[WORK TO COMPLETE]:
All lines below starting at the one that holds "Gaśnica proszkowa 12kg" and ending at the one that holds "forma de burbuja" should be printed exactly, ends included. Pictures should not be printed, nor anything else.

[SOURCE INFORMATION]:
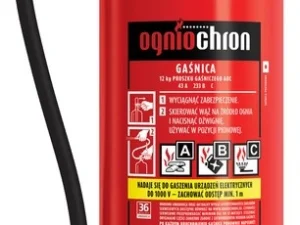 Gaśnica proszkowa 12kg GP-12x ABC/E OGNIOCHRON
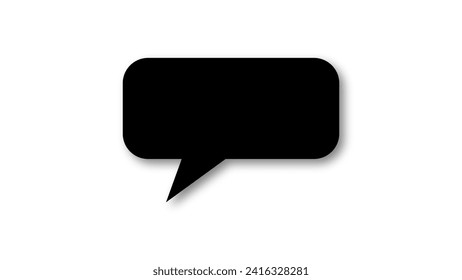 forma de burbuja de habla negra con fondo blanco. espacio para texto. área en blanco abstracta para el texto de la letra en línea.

...

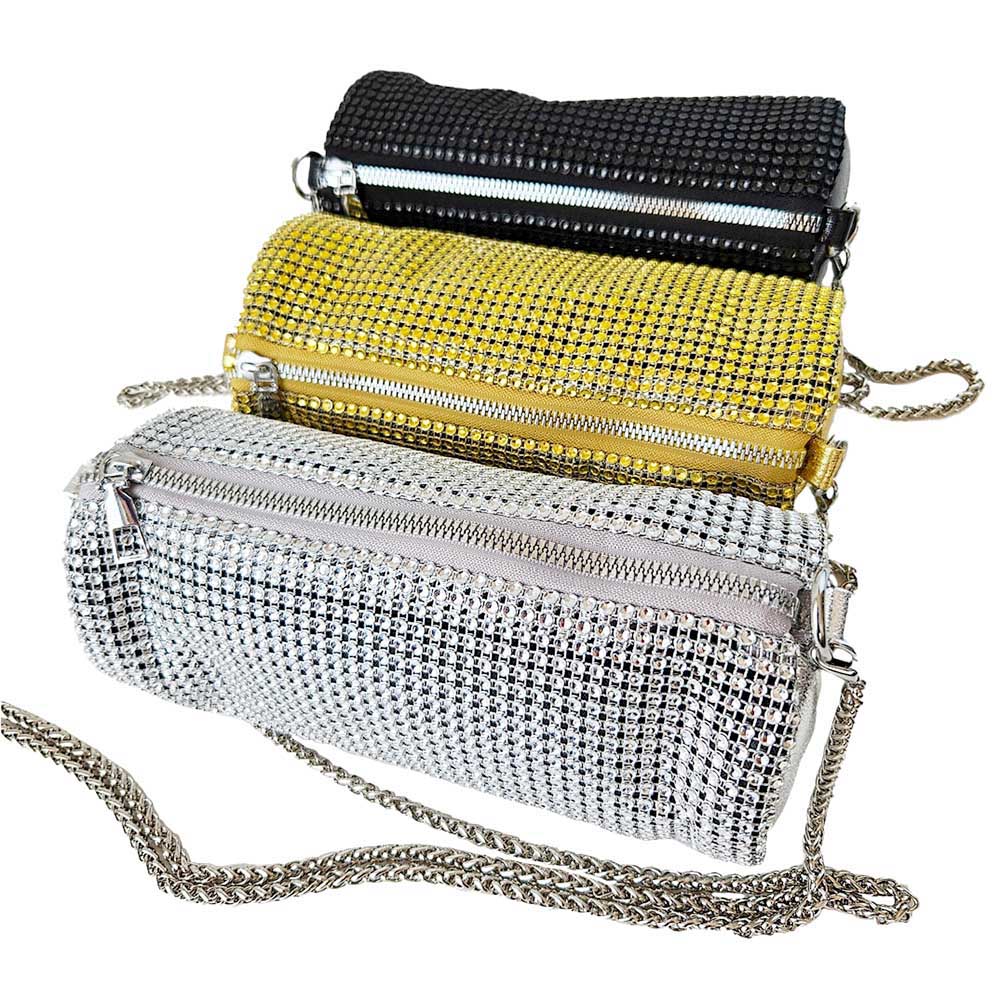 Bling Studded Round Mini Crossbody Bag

[ANSWER BOX]:
 Gaśnica proszkowa 12kg GP-12x ABC/E OGNIOCHRON
 forma de burbuja de habla negra con fondo blanco. espacio para texto. área en blanco abstracta para el texto de la letra en línea.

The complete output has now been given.